The first “book” I ever wrote was a little stapled-together set of notebook paper called “The Mystery of Who Killed John Polly.” I wrote it in first grade (and illustrated it, too). It was a detective story about a murder. When the detectives couldn’t figure it out, a group of neighbors banded together to solve the crime and snag the perpetrator. I brought it in for show-and-tell in second and third grade, and the rest of the class was the thrilled. Also in first grade, my teacher asked us to write a poem about Halloween. She liked mine so much that she had me read it to the fifth graders. In fact, throughout all my school, my teachers frequently commented about how they expected to see my name in books and magazines one day.
Since then, I’ve been reading and writing as much as I can, and I’m loving every minute of it!
When I was younger, an elderly Italian couple moved next door. The woman’s Italian accent was so heavy that I could barely understand her. As a result, I thought she was a witch, and I hid from her whenever she came out. (I feel horrible about it now—she was the nicest woman in the world!).
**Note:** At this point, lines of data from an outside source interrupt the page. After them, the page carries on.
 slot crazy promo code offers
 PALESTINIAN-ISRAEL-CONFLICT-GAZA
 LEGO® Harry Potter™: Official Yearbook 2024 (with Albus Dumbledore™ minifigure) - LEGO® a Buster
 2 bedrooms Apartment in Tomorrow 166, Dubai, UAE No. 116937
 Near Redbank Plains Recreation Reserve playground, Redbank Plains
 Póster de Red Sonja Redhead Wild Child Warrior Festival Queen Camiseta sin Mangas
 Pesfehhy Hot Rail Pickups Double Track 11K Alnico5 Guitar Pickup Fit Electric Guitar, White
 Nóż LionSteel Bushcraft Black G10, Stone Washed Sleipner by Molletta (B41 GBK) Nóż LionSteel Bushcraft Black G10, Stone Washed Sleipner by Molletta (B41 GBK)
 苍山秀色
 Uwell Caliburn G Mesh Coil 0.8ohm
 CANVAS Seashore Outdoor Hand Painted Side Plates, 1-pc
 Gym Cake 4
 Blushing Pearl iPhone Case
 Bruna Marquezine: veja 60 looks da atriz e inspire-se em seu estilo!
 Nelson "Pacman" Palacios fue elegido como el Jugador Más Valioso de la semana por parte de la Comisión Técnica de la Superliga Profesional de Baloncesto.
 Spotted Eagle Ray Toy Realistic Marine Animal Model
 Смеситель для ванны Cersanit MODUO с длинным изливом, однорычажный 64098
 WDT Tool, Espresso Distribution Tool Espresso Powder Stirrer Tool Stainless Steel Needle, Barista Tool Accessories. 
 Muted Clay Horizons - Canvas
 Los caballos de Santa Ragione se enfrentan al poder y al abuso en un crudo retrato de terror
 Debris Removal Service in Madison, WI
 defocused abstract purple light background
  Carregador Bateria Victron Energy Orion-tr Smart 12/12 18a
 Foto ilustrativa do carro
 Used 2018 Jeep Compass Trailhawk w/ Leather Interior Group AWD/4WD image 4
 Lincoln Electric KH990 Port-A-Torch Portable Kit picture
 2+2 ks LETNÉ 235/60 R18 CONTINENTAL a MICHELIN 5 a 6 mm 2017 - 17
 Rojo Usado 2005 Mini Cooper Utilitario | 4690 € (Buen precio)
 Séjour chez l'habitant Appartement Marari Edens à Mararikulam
Still, I used that experience as inspiration for my newest book, The Sorceress of Stoney Brook, in which Adam Hollinger believes his new neighbors are witches.
Write about a unique, memorable, or scary exchange you had with a neighbor. Use that as the starting point for a story.
About the Author:
Val Muller lives in Virginia with two corgis and a husband. By day she teaches English, but by night and early-morning, she is a voracious reader and writer, reviewing one book every week on her blog and participating in a weekly flash fiction writers group (their serial story appears on her blog every Thursday). Her work has appeared in many magazines and anthologies and ranges from children’s literature to horror. You can see a full list of work on her website. Her horror novel for adults, Faulkner’s Apprentice, will be released in early 2013 with Crowded Quarantine Publications. 
Where to buy:
Corgi Capers 1 (
Amazon) (Publisher) (author’s website for autographed copy)
For Whom My Heart Beats Eternal (Amazon) (author’s website for autographed copy)

Thursday, November 1, 2012

What's the Word Wednesday - Good or Well


People are often confused about when to use the words good and well.

"Good" is an adjective (and a noun in some cases); "well" is used as an adverb unless used as an adjective meaning "healthy". If we need a word to describe noun or pronoun we use "good". If we need a word to describe verb (or sometimes adjective or other adverb) we use "well". For example:

Kate is a good piano player. (correct)
Kate is a well piano player. (incorrect!)

Kate plays the piano well. (correct)
Kate plays the piano good. (incorrect!)

My brother did well on the English test. (correct)
My brother did good on the English test. (incorrect!)

Do you think I'm doing well at school? (correct)
Do you think I'm doing good at school? (incorrect!)

After linking verbs such as be, taste, sound, smell, look, seem, appear we use the adjective "good" as we are describing the subject of the sentence, not the action of the verb:
The concert last night wasn't very good.
Your idea sounds good and if it works would be great.
It always smells good after the rain.

More confusion???

 If your doctor asks, "How do you feel?" You should say, I am well. / I feel well. / I'm feeling well. (refers to health, a physical state)

If you just scored a touchdown and your friend asks, "How do you feel?"  You should say,
"I am good. / I feel good. / I'm feeling good. (refers rather to emotional than physical state)

Write a story using the words good and well. How do you feel about that?